There’s always something a bit “off” when you look at aging starlets who’ve had some work done. In the same way, researchers in California and Wisconsin recently found that induced pluripotent stem cells (iPSCs) generated from old somatic cells aren’t quite the same as youthful embryonic stem cells (ESCs)—the epigenetics are “off”.
Sure, iPSCs and ESCs look similar in global analyses. But when the CA/WI team looked at whole-genome, single-base resolution DNA methylomes of several iPSC and ESC cell lines with MethylC-Seq, the differences really jumped out.
Here’s what they found:
- Human iPSC and ESC cell lines had 1175 differentially methylated regions (DMRs).
- About half of the iPSC DMRs resembled their somatic progenitors (memory DMRs), whereas the rest didn’t look like either the parent cell or an ESC (iDMRs).
- A lot of reprogramming errors were at CG islands near genes.
- Some errors that were consistently found in the same location in different iPSC lines may be “hotspots”.
- Some DMRs were located in huge >1 megabase, non-CG regions near centromeres and telomeres, where there’s a lot of H3K9me3.
- Memory DMRs and iDMRs often show up in differentiated versions of the iPSCs, so the errors don’t just go away.
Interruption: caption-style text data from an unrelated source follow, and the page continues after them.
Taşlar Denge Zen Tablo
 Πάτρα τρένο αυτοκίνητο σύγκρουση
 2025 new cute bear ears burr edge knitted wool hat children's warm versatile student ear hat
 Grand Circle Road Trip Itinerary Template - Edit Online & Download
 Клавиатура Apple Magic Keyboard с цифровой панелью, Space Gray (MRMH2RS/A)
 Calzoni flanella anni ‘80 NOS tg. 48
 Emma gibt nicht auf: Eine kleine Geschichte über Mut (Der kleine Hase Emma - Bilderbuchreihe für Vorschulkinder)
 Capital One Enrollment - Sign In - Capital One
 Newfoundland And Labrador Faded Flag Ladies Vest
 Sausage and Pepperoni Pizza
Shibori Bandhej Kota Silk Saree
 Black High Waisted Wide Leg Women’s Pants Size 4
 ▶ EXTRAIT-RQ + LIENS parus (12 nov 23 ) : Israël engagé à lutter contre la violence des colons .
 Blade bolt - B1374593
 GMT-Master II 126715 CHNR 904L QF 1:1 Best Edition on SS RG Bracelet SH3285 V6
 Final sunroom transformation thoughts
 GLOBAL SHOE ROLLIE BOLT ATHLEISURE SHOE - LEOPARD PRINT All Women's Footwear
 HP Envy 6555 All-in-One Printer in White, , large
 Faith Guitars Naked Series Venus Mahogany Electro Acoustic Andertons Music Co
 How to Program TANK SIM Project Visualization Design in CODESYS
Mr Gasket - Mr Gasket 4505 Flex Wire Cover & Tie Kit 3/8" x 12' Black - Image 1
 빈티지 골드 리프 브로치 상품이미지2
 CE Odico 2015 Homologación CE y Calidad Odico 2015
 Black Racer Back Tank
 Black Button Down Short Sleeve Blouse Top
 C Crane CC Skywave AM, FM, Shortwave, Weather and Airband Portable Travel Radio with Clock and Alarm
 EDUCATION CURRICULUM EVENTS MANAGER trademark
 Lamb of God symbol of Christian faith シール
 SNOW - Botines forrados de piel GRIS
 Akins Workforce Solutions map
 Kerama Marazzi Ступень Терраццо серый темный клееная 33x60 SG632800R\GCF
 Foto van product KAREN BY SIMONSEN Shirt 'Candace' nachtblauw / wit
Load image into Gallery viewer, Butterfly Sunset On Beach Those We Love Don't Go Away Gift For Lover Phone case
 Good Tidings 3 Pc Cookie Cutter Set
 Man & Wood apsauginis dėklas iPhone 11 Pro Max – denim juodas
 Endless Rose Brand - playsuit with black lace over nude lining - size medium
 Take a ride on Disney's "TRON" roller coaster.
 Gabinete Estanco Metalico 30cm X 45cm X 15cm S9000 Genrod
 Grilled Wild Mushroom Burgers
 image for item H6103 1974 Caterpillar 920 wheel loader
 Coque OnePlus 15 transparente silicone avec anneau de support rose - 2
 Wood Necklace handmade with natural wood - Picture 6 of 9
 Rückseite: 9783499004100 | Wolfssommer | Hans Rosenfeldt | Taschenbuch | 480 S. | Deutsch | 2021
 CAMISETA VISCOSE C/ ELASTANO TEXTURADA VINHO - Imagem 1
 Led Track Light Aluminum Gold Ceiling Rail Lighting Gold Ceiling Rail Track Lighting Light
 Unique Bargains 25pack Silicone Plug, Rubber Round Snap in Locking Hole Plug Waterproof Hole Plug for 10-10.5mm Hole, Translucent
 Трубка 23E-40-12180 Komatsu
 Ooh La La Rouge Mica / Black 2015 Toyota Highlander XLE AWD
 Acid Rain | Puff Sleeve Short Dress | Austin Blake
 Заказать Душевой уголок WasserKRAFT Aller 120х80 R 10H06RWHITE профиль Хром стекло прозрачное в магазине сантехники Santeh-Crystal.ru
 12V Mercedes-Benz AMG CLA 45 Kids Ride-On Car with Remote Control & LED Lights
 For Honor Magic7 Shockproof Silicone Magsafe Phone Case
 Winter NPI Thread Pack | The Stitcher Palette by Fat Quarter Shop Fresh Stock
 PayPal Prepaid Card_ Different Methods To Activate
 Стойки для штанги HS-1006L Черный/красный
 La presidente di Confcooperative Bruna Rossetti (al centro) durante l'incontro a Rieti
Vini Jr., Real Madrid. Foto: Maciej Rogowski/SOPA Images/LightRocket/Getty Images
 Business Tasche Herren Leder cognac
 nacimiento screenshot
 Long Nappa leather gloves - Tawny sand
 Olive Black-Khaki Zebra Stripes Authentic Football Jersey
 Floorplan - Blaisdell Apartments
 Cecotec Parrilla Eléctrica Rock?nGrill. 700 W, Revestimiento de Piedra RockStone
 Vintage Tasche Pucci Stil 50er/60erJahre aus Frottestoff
It’s possible that these epigenetic differences could hamper iPSC use in therapies, but the researchers say that knowing about the differences is a good first step toward making better pluripotent cells.
There’s a ton of data to review in this one, so your best bet is to find a cozy couch, grab some java, and head over to Nature, February 2, 2011 for the details.